Riskanter 30-Sekunden-Rausch Lachgas-Konsum ist alles andere als lustig
10.08.2024, 09:41 Uhr Artikel anhören
Lachgas hat sich zu einer Trenddroge bei Jugendlichen entwickelt.
(Foto: picture alliance / epd-bild)
Lachgas steht im Späti-Regal und sorgt bei TikTok für vermeintlich lustige Challenges. Dabei drohen besonders bei starkem Konsum dramatische Folgen. Nach Großbritannien und den Niederlanden steht nun auch in Deutschland ein Verbot bevor.
Ein junger Mann springt auf eine Couch, seine Freunde vor und hinter der Kamera feuern ihn an. Ihr Johlen wird lauter, während er an einem Luftballon zieht, und als er schließlich benommen vom Sofa taumelt, brechen sie lachend zusammen. Videos wie dieses machen seit Monaten auf Social-Media-Plattformen wie TikTok die Runde und befeuern die Debatte über den arglosen Umgang und die unterschätzten Gefahren der Substanz im Ballon: Lachgas.
Vornehmlich Jugendliche und junge Erwachsene inhalieren das Gas über Ballons, bestenfalls gefolgt von Lachen und einem kurzen Gefühl der Entrücktheit. Weniger lustig sind dagegen Nebenwirkungen wie Bewusstlosigkeit, akustische und visuelle Halluzinationen oder anhaltende Kopfschmerzen.
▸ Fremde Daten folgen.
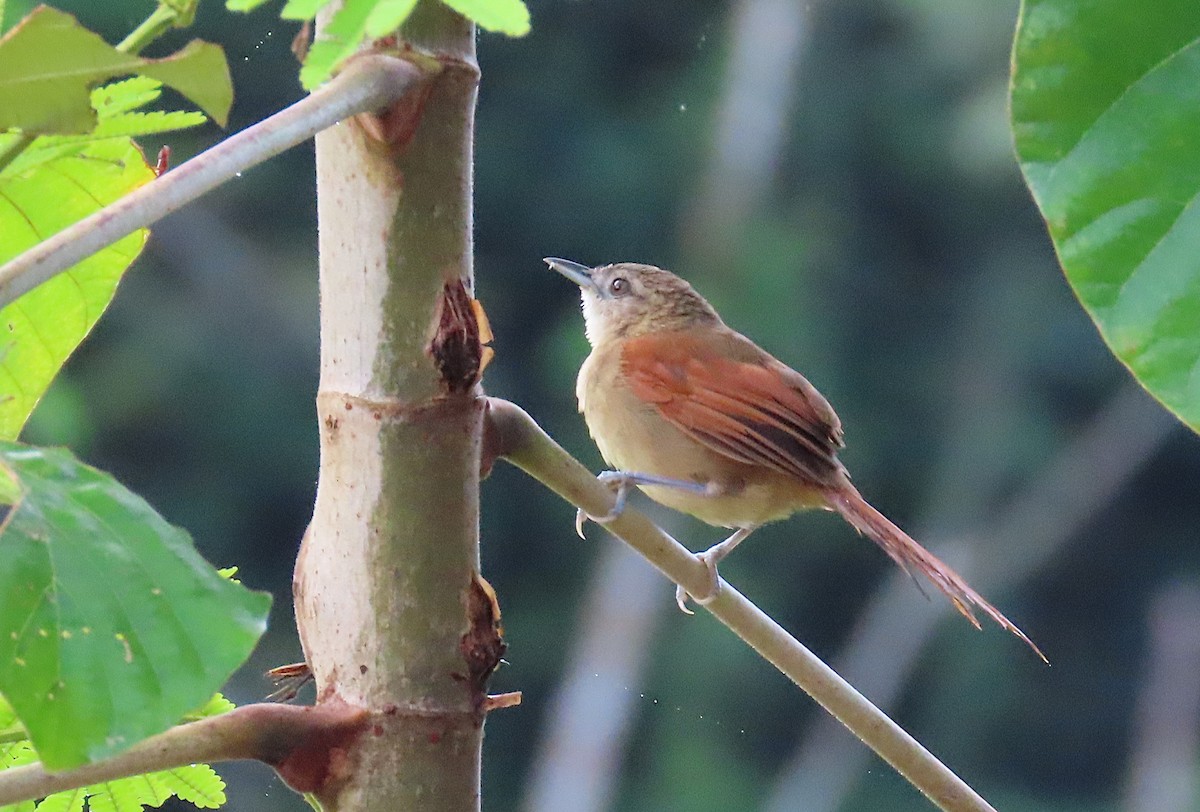 Plain-crowned Spinetail - ML620702977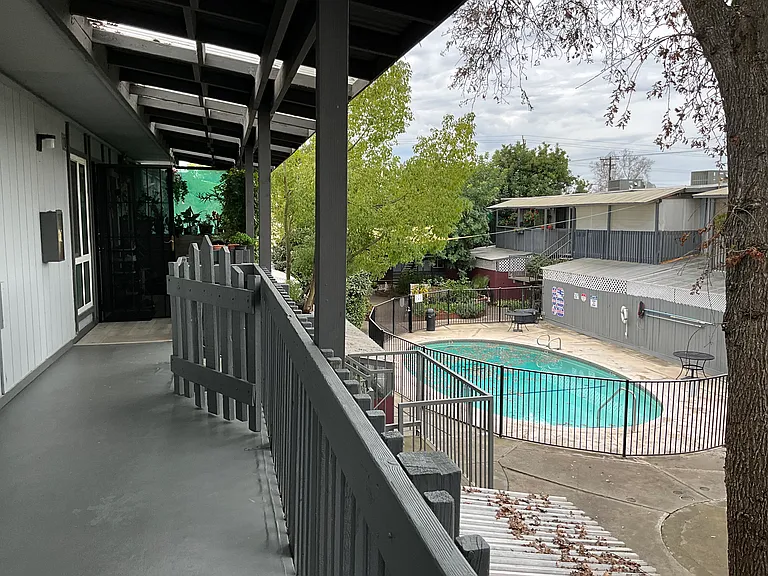 Eastern Palms — Photo 25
Lachgas ist eine chemische Verbindung aus Stickstoff und Sauerstoff, genannt Distickstoffmonoxid. Wegen seiner betäubenden Wirkung wurde es Mitte des 19. Jahrhunderts erstmals in der Medizin für Narkosen eingesetzt. Eine längere Tradition hat es allerdings als Rauschmittel. Bereits kurz nach seiner Entdeckung in England in den 1770er Jahren machte es auf Partys der britischen Oberschicht als "Paradiesgas" die Runde. In den 1970er Jahren erfuhr es ein Revival auf Musikfestivals und war unter Hippies gefragt.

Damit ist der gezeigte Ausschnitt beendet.